Il bivio dei 5 Stelle

Federico Capurso

Nelle ultime ore, qualcosa è cambiato. I rapporti tra Mario Draghi e il Movimento 5 stelle sembrano meno tesi. Piccoli gesti simbolici, da parte del premier, vengono interpretati dai grillini come l’inizio di un’apertura. Per la prima volta da quando questo governo si è insediato, commentano con una nota di piacevole stupore dalla sede pentastellata, «lo staff di Draghi ha consegnato i documenti che riguardavano l’ultimo Consiglio dei ministri già in mattinata e non a un’ora dal vertice. È una delle questioni che aveva posto Conte».

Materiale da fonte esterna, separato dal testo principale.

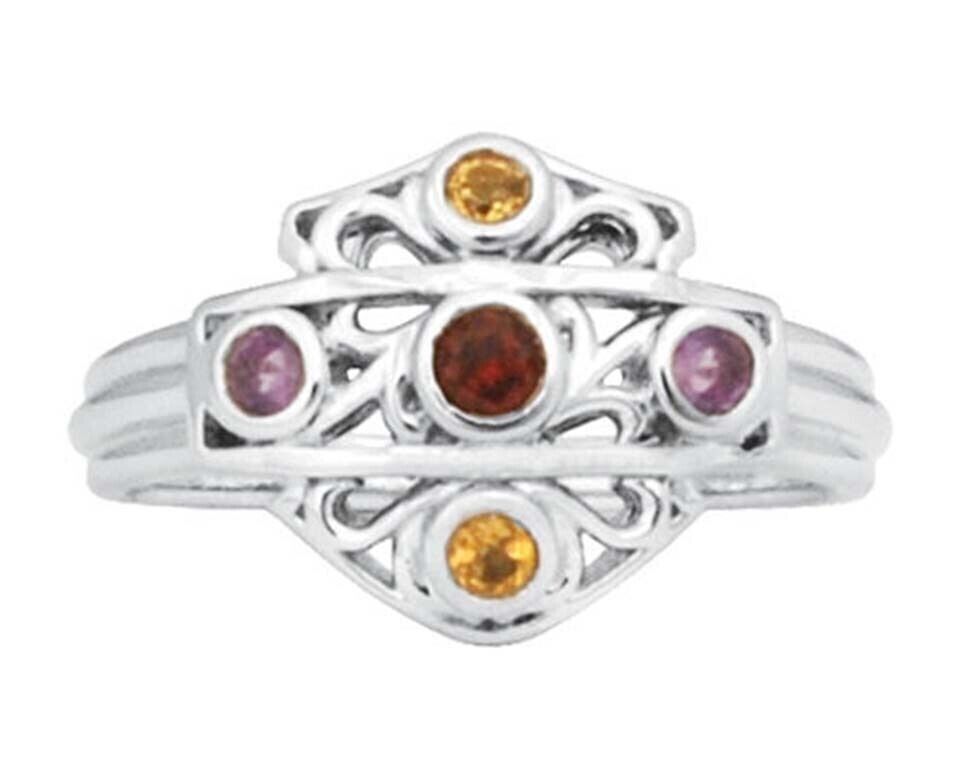 HARLEY DAVIDSON Women's Queen Crown .925 Sterling Silver Ring. SIZE:7-HMR007-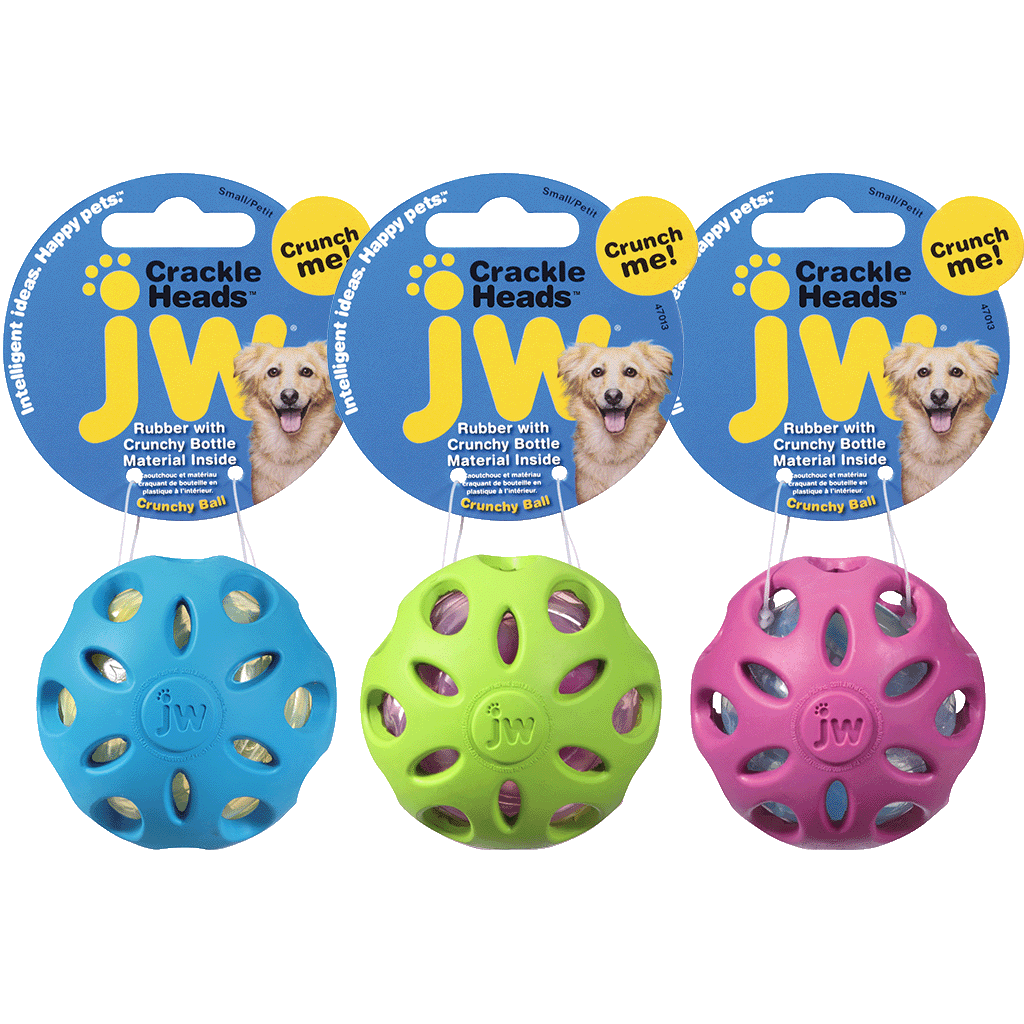 JW Crackle Heads Ball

C’è ottimismo, dunque, ma nei prossimi giorni, «entro mercoledì sera», sarà necessario un passo in più da parte di palazzo Chigi: «Abbiamo bisogno di un’uscita pubblica di Draghi, una dichiarazione con cui si concretizzi questa apertura». Solo così Giuseppe Conte potrà convincere i suoi senatori a votare la fiducia sul decreto Aiuti, che approderà in Aula martedì.

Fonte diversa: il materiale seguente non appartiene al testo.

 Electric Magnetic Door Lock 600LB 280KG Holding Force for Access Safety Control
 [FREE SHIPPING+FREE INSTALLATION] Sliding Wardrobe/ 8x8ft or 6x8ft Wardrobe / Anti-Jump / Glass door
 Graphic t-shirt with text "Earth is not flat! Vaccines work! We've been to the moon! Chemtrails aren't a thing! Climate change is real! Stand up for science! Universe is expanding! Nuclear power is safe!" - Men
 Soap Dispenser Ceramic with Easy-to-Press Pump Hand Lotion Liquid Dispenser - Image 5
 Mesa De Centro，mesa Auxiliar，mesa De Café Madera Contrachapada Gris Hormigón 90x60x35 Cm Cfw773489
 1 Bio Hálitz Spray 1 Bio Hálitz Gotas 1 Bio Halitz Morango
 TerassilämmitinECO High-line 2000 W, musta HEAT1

Non serve una risposta puntuale e completa alle nove condizioni per restare al governo messe nero su bianco da Giuseppe Conte mercoledì scorso (per quella c’è ancora tempo), ma un segnale positivo chiaro, che non abbia bisogno di essere decifrato. Conte vorrebbe restare al governo, ma sente che la base e i gruppi parlamentari non sono più sotto il suo pieno controllo. Teme l’eventualità che i senatori, che chiedono di strappare, spingano per astenersi sul decreto Aiuti, magari non entrando nemmeno in Aula. Un gesto che provocherebbe uno scossone capace di mettere a rischio la trattativa con palazzo Chigi. E che alimenterebbe, poi, le critiche dei partner di maggioranza che già da giorni puntano il dito contro «l’irresponsabilità» dei pentastellati.

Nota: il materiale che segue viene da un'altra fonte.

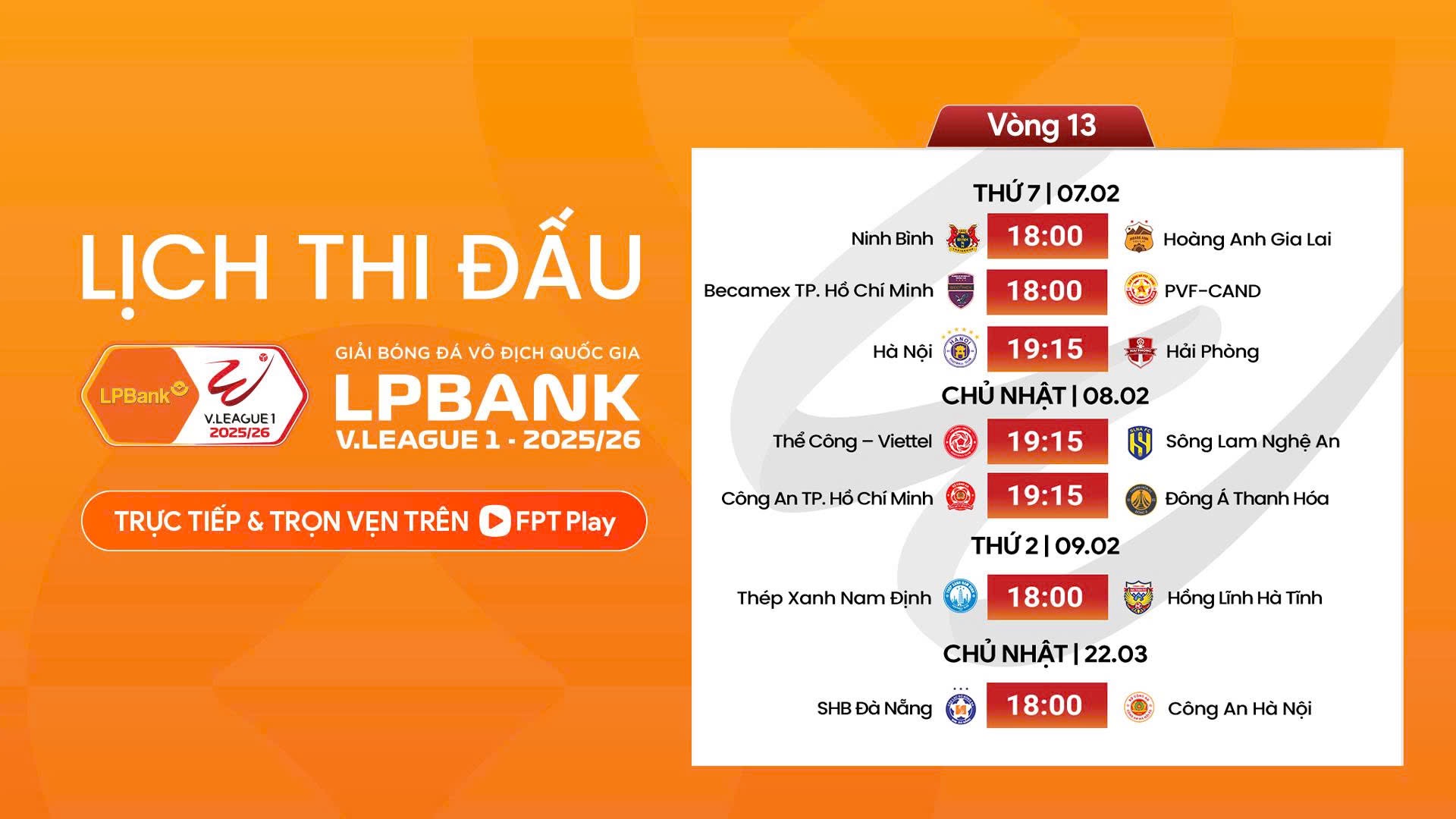 Lịch thi đấu vòng 13 V-League mới nhất: HLV Harry Kewel đối đầu ông Chu Đình Nghiêm, quá nóng!- Ảnh 1.
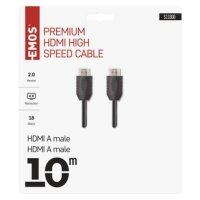 HDMI 2.0 high speed kabel A vidlice A vidlice 10 m EMOS S11000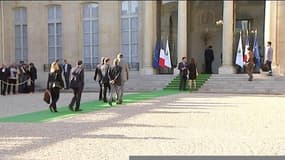 COP21: les politiques foulent le tapis… vert de l’Elysée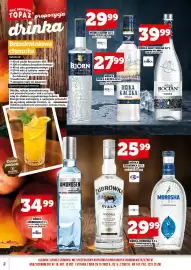 Topaz gazetka | Alkohole Strona 2: Wódka Morosha Carpathian €29,99, Wódka Amundsen €34,99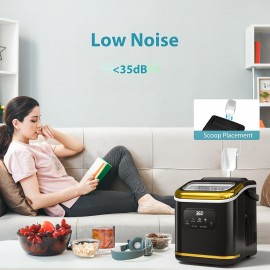 Ice Maker Machine Countertop Self Cleaning Portable Compact Small Bullet Ice Maker with Digital Screen, 9 Cubes In 6 Mins, 26lbs In 24Hrs, for Camping Dorm Home Outdoor., Ice Maker with Handle, Ice Maker Machine Countertop with Handle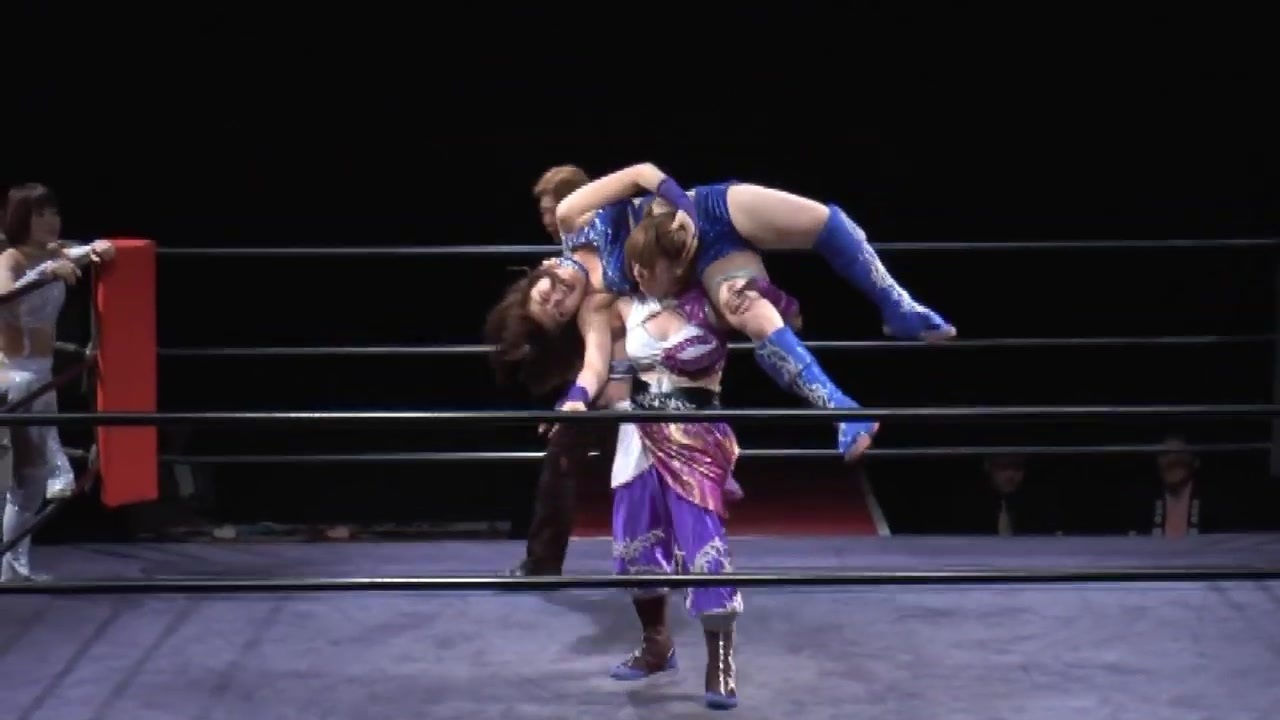安納サオリ＆万喜なつみ VS 仁科鋭美＆中野たむ 16年12月12日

Con gli alleati Dem il rapporto è teso, ma l’ala sinistra del Pd si sta prodigando in telefonate, messaggi e incontri con i dirigenti M5S per provare a rasserenare il clima all’interno della maggioranza e puntellare la presenza dei Cinque stelle nel campo progressista. Una presenza che alcuni dirigenti di peso, da Dario Franceschini a Nicola Zingaretti, hanno minacciato di far saltare. Francesco Boccia ne ha parlato con Conte, in Puglia, e Boccia ha gettato acqua sul fuoco: «Penso che il M5S non romperà. Sta ponendo dei temi che devono essere oggetto di un confronto politico». La vicepresidente M5S Alessandra Todde, vicinissima a Conte, ha invece affrontato il nodo con Enzo Amendola e Giuseppe Provenzano, mentre i grillini Federico D’incà e Carlo Sibilia venivano raggiunti da altri dirigenti Dem. Anche il braccio destro di Conte, Stefano Patuanelli, ha avuto modo di affrontare il tema al Nazareno, dopo essere intervenuto alla scuola di formazione politica di Gianni Cuperlo. Ha scambiato qualche pensiero con l’ex deputato Dem, ma non con Enrico Letta, che non era in sede perché in questi giorni si trova in Provenza. E dopo la lezione ai giovani del Pd, Patuanelli si è detto sicuro: «L’alleanza non è assolutamente a rischio».